Once again, you don't need to know Go to understand this. I'm just using Go as an example because that's what I like to work in.
Background
Before we jump in, we need to cover three important concepts: structs, providers, and depsets. They are data structures used to pass information between rules, and we'll need them to gather information about dependencies.
Structs
A struct value is a dictionary of key-value pairs, kind of like an object in Python or JavaScript. Although the struct is a basic data structure, it's provided by Bazel and is not technically part of the Starlark language. You can create a struct value by calling the struct
function:
my_value = struct(
foo = 12,
bar = 34,
)
You can access fields in the struct the same way you would access fields in an object in Python.

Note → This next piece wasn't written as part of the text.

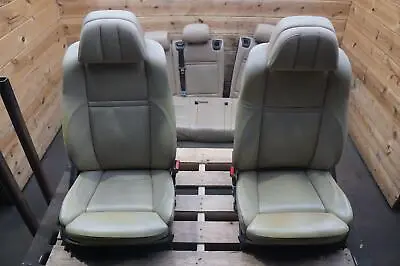 Set Front Rear 20-Way Comfort Seat Climate Beige Leather BMW X5 2008-14 * NOTE • $989.99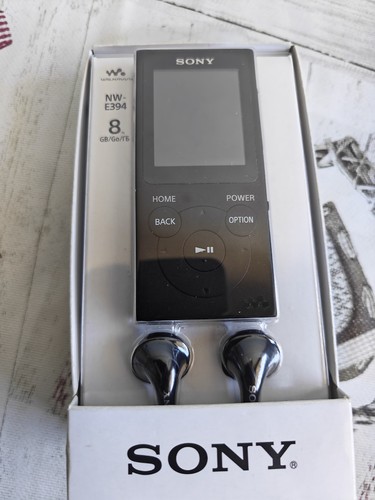 Sony walkman e394 lettore - sony, nw-e394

print(my_value.foo + my_value.bar)
You can use the dir
function to get a list of field names of a struct. getattr
and hasattr
work the way you'd expect, but you can't modify or delete attributes after they're set because struct values are immutable. You can convert a struct (or any value) to and from JSON with json.encode
and json.decode
.
Providers
A provider
is a named struct type that conveys information about a rule. A rule implementation function returns provider structs when its' evaluated. A provider can be read by a rule that depends on a rule that returns it. In the last article, our go_binary
rule returned a DefaultInfo
provider (one of the built-in providers). In this article we'll define a GoLibraryInfo
provider that carries metadata about our libraries.
You can define a new provider by calling the provider
function.
MyProvider = provider(
doc = "My custom provider",
fields = {
"foo": "A foo value",
"bar": "A bar value",
},
)
You can create a provider value just like a struct value:
my_provider = MyProvider(foo = 12, bar = 34)
Depsets
Bazel provides a special purpose data structure called a depset. Like any set, a depset is a set of unique values. Depsets distinguish themselves by being fast to merge and by having a well-defined iteration order.

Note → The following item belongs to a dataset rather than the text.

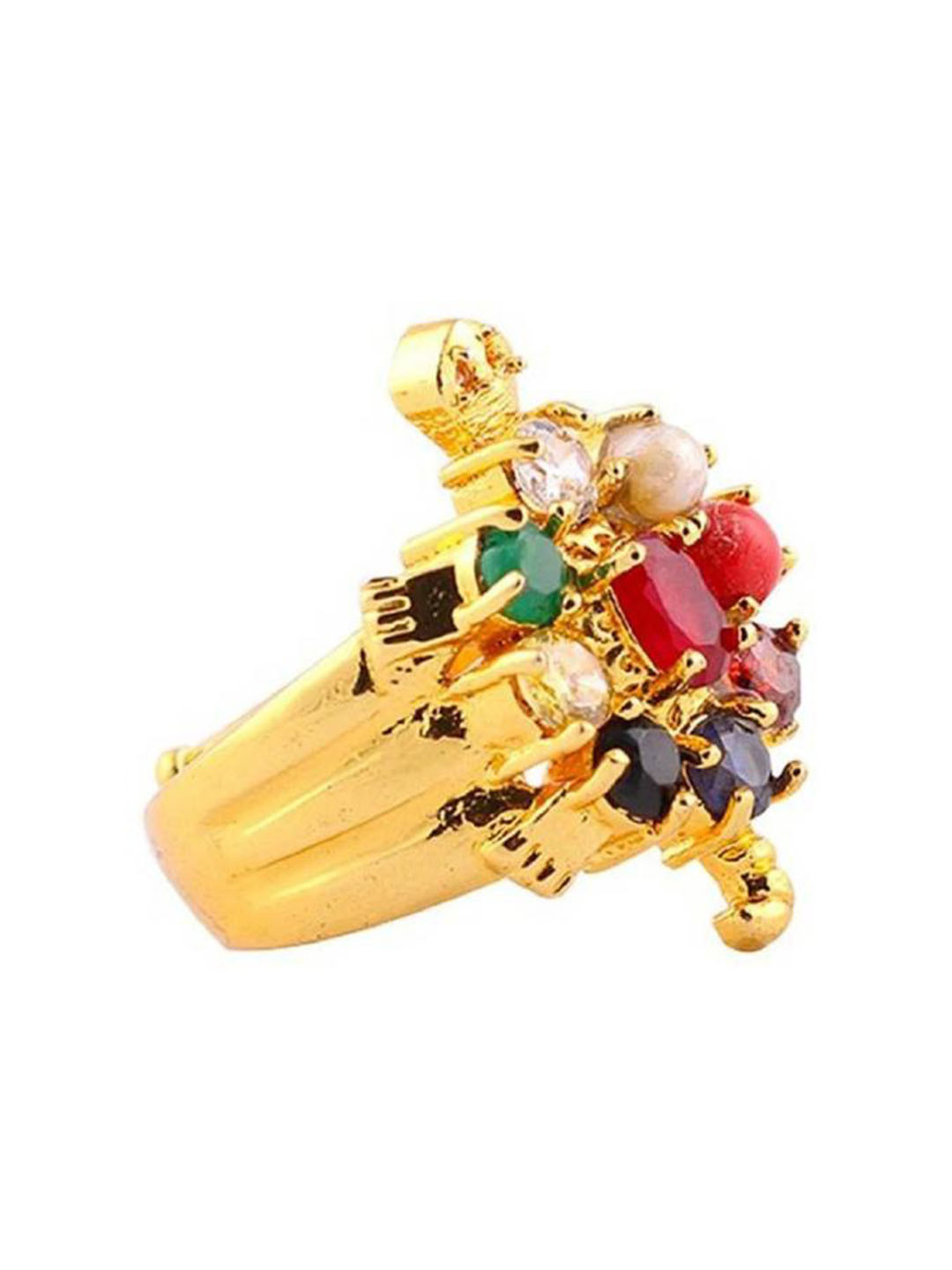 RAVIOUR LIFESTYLE Men Multi Ring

Depsets are typically used to accumulate information like sources or header files over large dependency graphs. A dependency graph may contain hundreds of thousands of nodes, so it's important that all depset operations run in linear time and space. In this article, we'll use depsets to accumulate information about Go dependencies like import paths and compiled file names. The linker will be able to use this information without requiring go_binary
to explicitly list all transitive dependencies.
A depset comprises a list of direct elements, a list of transitive depset children, and an iteration order.

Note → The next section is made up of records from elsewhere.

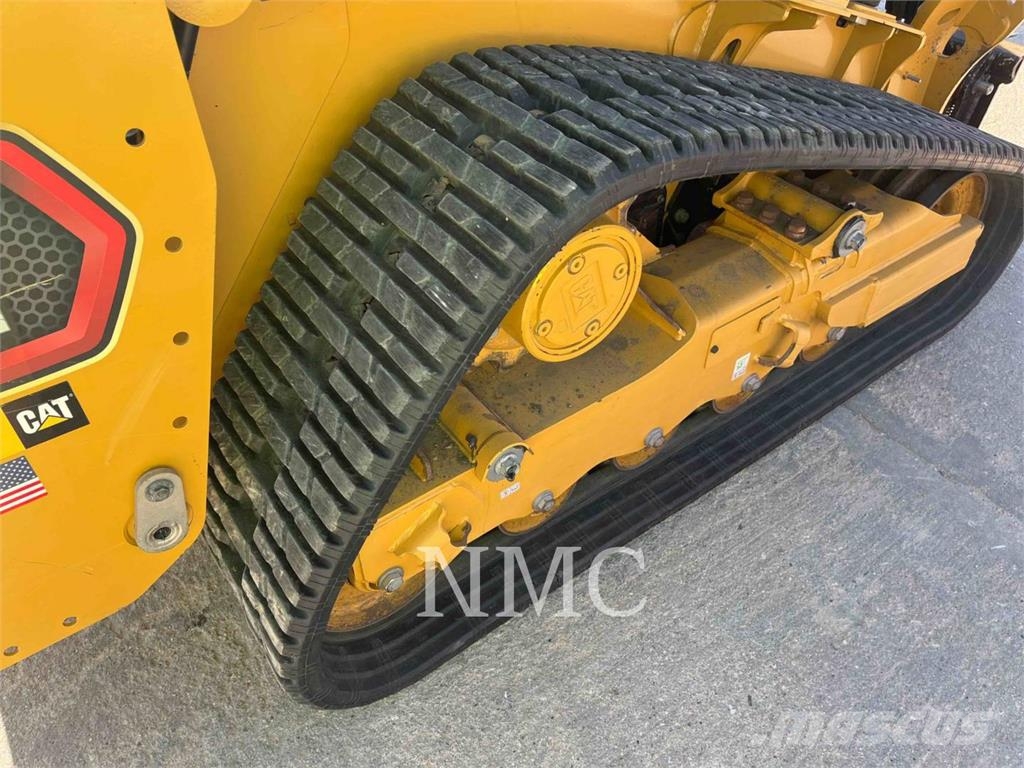CAT 255 Vikšriniai krautuvai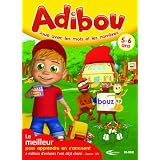 Adibou joue avec les mots et les nombres 5-6 ans 2010/2011par Mindscape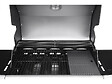 HABITAT ET JARDIN - Barbecue gaz avec LED "Bingo 5" - 5 Brûleurs dont 1 latéral - 15.2kW + Housse protection - Argenté - vignette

Constructing a depset is fast because it just involves creating an object with direct and transitive lists. This takes O(D+T) time where D is the number of elements in the direct list and T is the number of transitive children. Bazel deduplicates elements of both lists when constructing sets. Iterating a depset or converting it to a list takes O(n) time where n is the number of elements in the set and all of its children, including duplicates.
Defining go_library
The GoLibraryInfo
provider
Ok, the theory is out of the way, let's get to the code.
First, we define a new provider. GoLibraryInfo
carries information about each library and its dependencies. We define it in a new file, providers.bzl
.
GoLibraryInfo = provider(
doc = "Contains information about a Go library",
fields = {
"info": """A struct containing information about this library.
Has the following fields:
importpath: Name by which the library may be imported.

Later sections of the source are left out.